All are dependent upon training, which currently take up a considerable amount of time, and is
ship specific.
The davit fitted to launch and recover the 7 person SOLAS boat is the only equipment provided
to recover survival craft.
All the survival craft fitted on our WPCs are inflatable liferafts that are not intended to be
recovered.
Enclosed, high freeboard lifeboats are not designed for recovery. FRCs are limited in size and
capacity and also by weather conditions.
This vessel’s arrangement for recovering the FRC and MoR raft is using the dedicated davit and
is a fast, simple recovery method.
The vessel’s four 84 person boats are not fitted with recovery pennants. However, the two 22
person boats do have recovery pennants should they have to be used as ‘crash’ boats. Practically
speaking to recover any type of lifeboat in an open seaway is virtually impossible.

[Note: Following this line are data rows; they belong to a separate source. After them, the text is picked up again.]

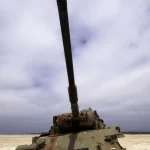 Tank abandonné sur une plage sous un ciel nuageux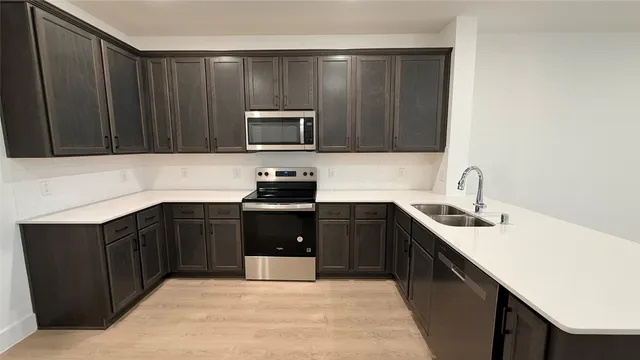 a kitchen with a sink and a stove top oven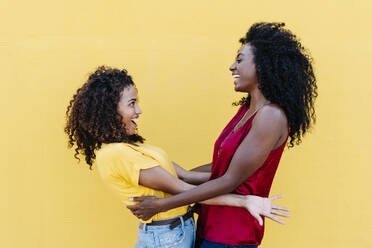 Lesbisches Paar, das sich lachend an einer gelben Wand betrachtet - RDGF00222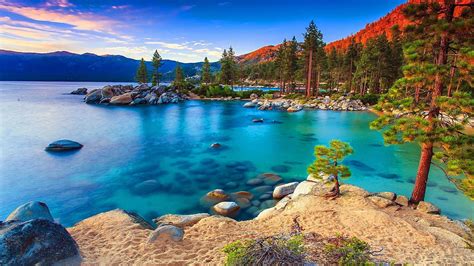 Calm Body Of Water Surrounded By Mountains And Rocks With Trees Under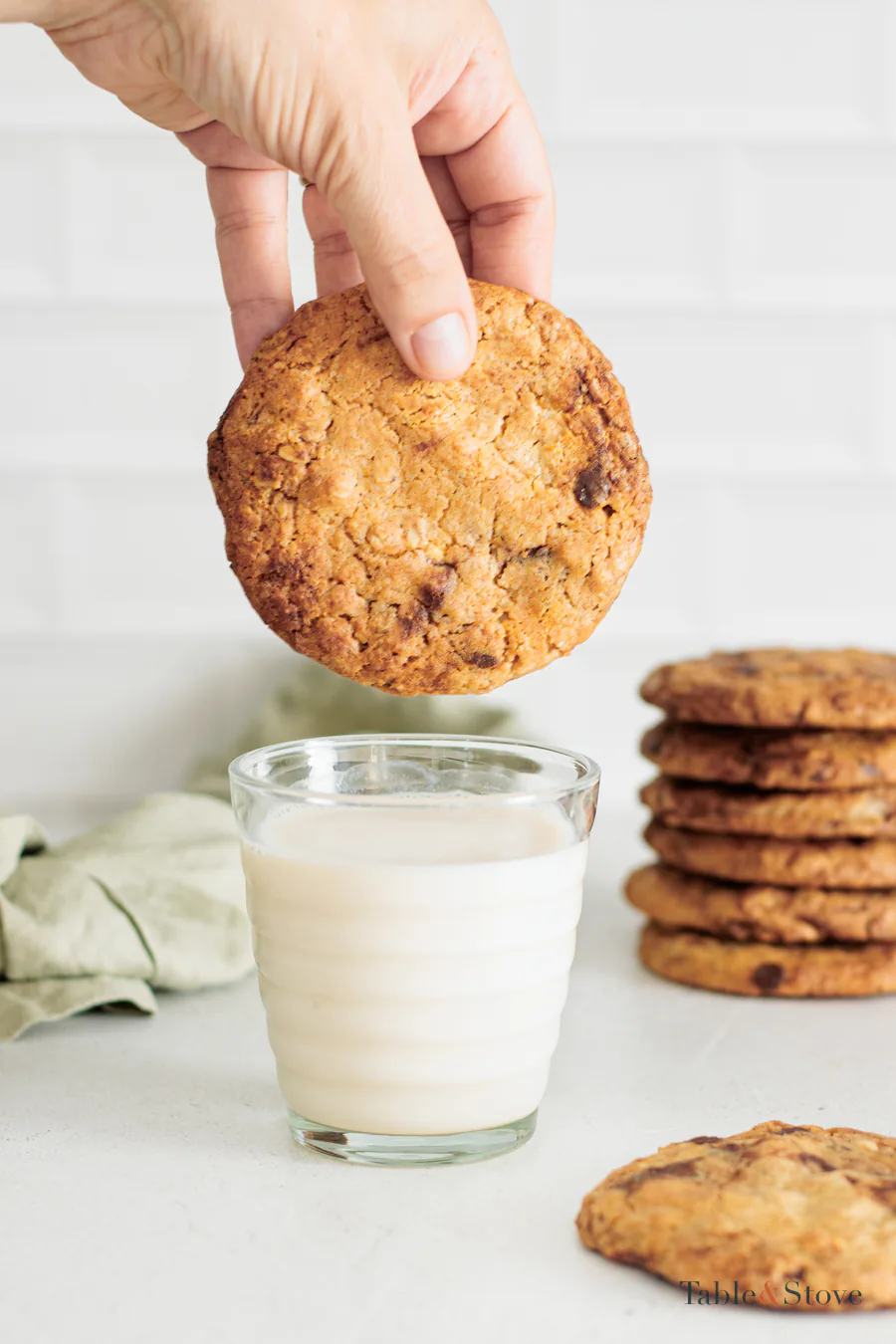 Hand holding a baked oat cookie above a glass of milk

We have no provision for recovery of boats except our own, unless davit/boat size is the same.
FRC recovery is still in its infancy but requires:
•
boom
•
buoyed painter
•
fixed speed & heading of mother ship
•
lee from mother ship.
Lifeboat recovery:
•
•
•
engaging falls only possible in calm conditions with no swell
nylon recovery strops very effective in lifting boat clear of seaway
boat can remain at embarkation level or be stowed using hanging-off pennants.
Davit-launched liferafts:
•
rafts from casualty might be recovered by ship’s FRC davit once the FRC has been
deployed.
Specialist craft with universal lift/cradle required. Most practicable solution is to transfer
persons via ship’s MoR, etc.
Present systems do not cover recovery of a large number of persons. Consideration should be
given to one set of davits being able to easily recover a fully laden lifeboat. This would require
increased capacity of the motor, and possibly better hook systems than on load / off load.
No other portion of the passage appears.